=== EXERCISE REQUIREMENTS ===
Copy the records below exactly, leaving out every picture.

Image-text web data:
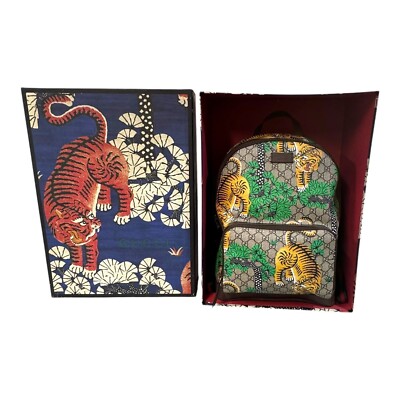 Gucci Tian GG Supreme Tiger Print Backpack Original Box Dustbag Gift  Authentic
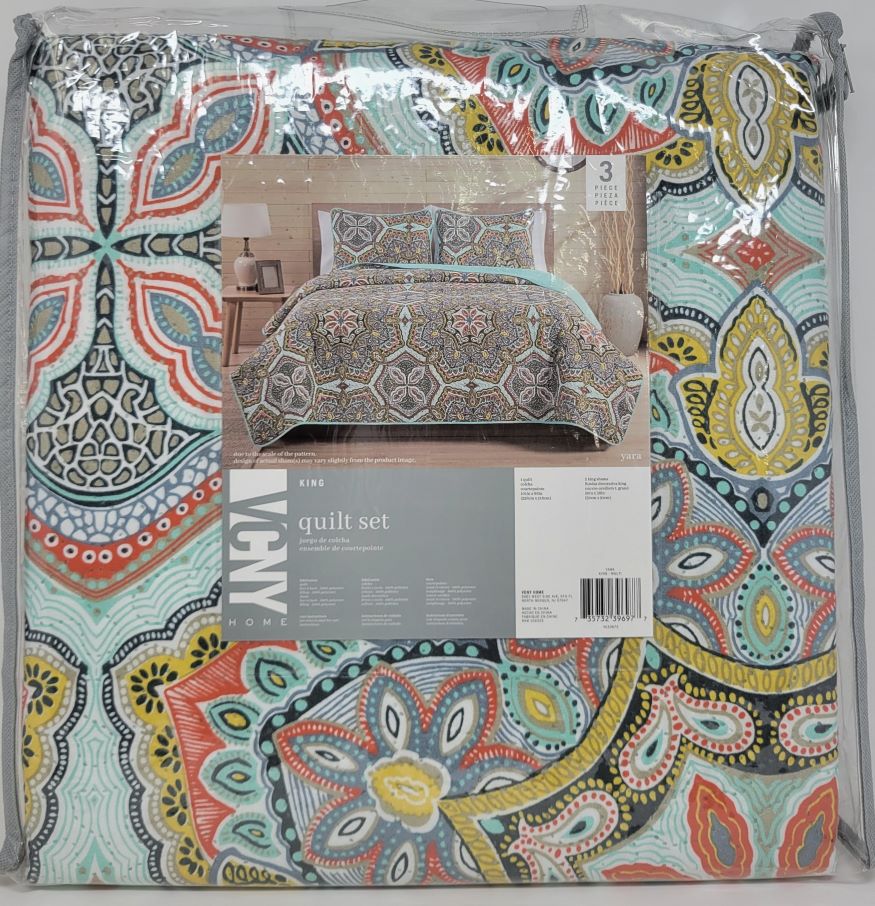 3PC KING QUILT SET MULTI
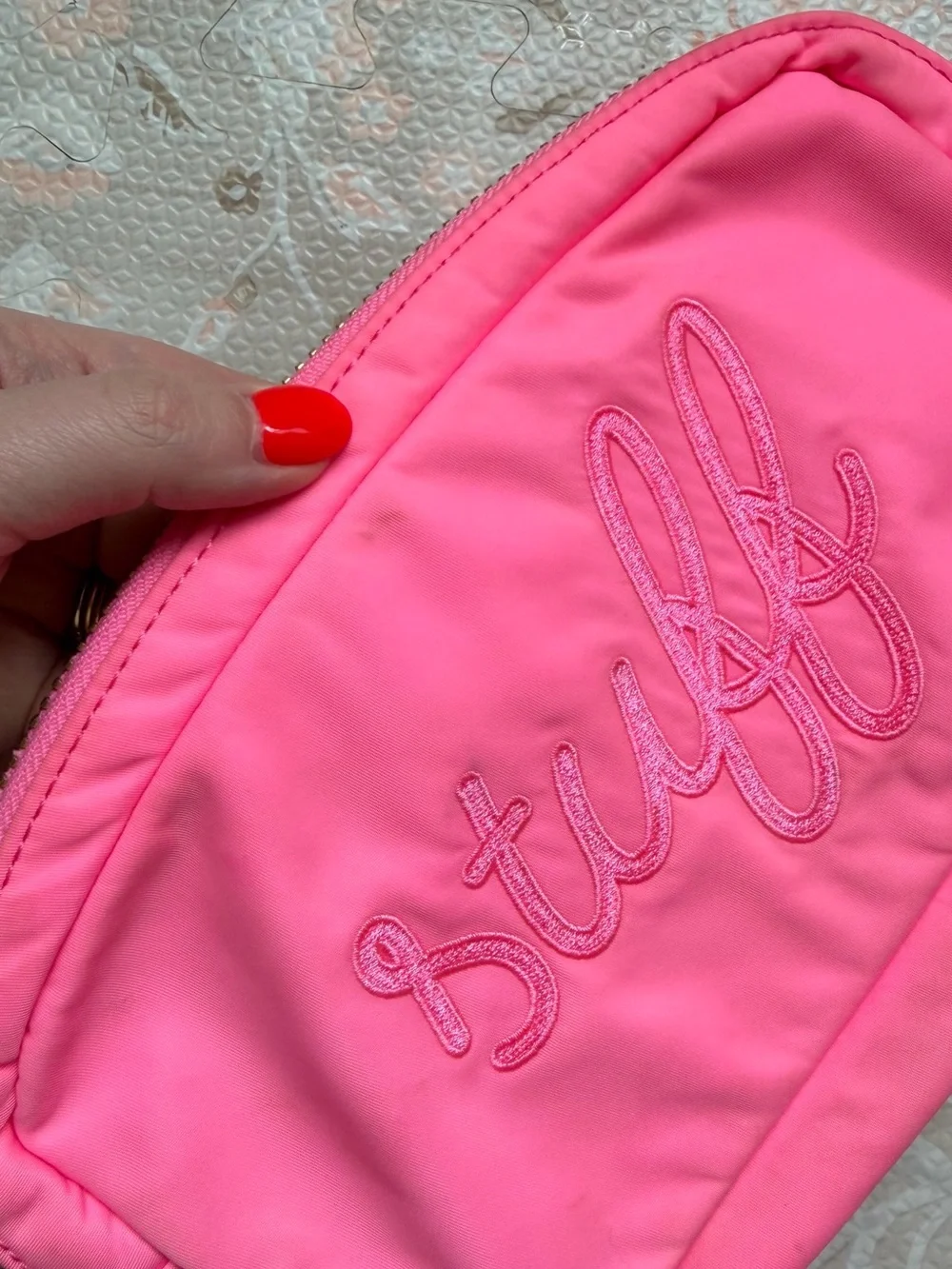 Stoney Clover Lane Pink 'Stuff' Embroidered Small Pouch in Bubblegum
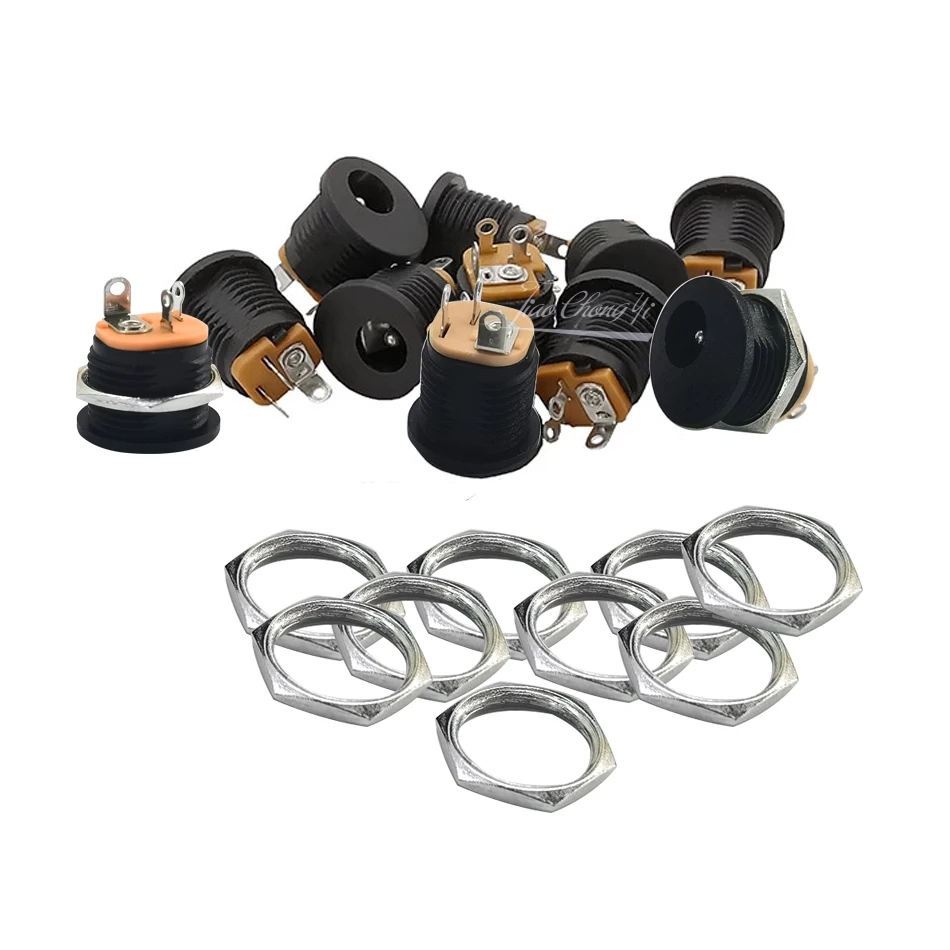 DC-022 5.5x2.1mm DC Connectors Power Female Socket Round Hole Nut Interface Panel Mounting Supply Connector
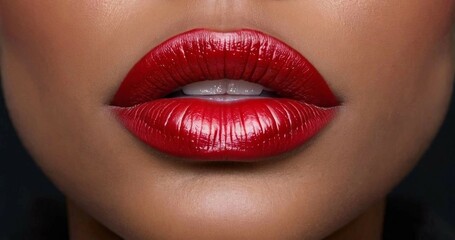 stylish permanent makeup on the lips. red lipstick on the lips of an African American woman - obrazy, fototapety, plakaty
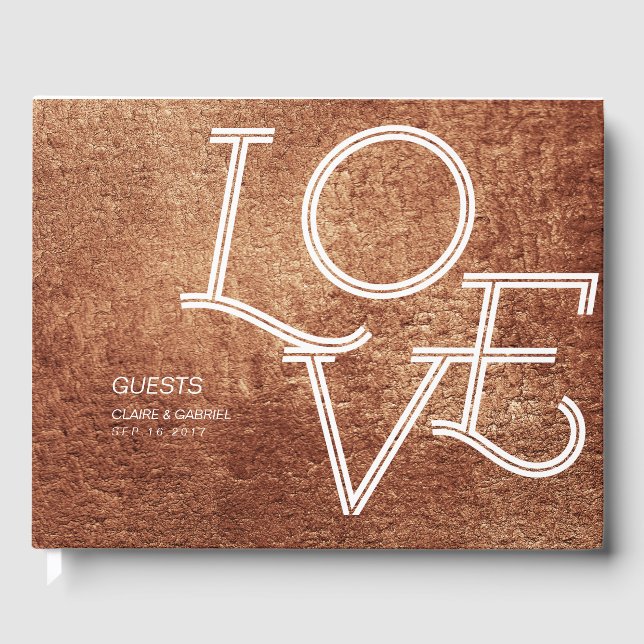 Cuivre couleur amour moderne simple mariage livre  (Recto)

=== YOUR SOLUTION ===
 Gucci Tian GG Supreme Tiger Print Backpack Original Box Dustbag Gift  Authentic
 3PC KING QUILT SET MULTI
 Stoney Clover Lane Pink 'Stuff' Embroidered Small Pouch in Bubblegum
 DC-022 5.5x2.1mm DC Connectors Power Female Socket Round Hole Nut Interface Panel Mounting Supply Connector
 stylish permanent makeup on the lips. red lipstick on the lips of an African American woman - obrazy, fototapety, plakaty
 Cuivre couleur amour moderne simple mariage livre  (Recto)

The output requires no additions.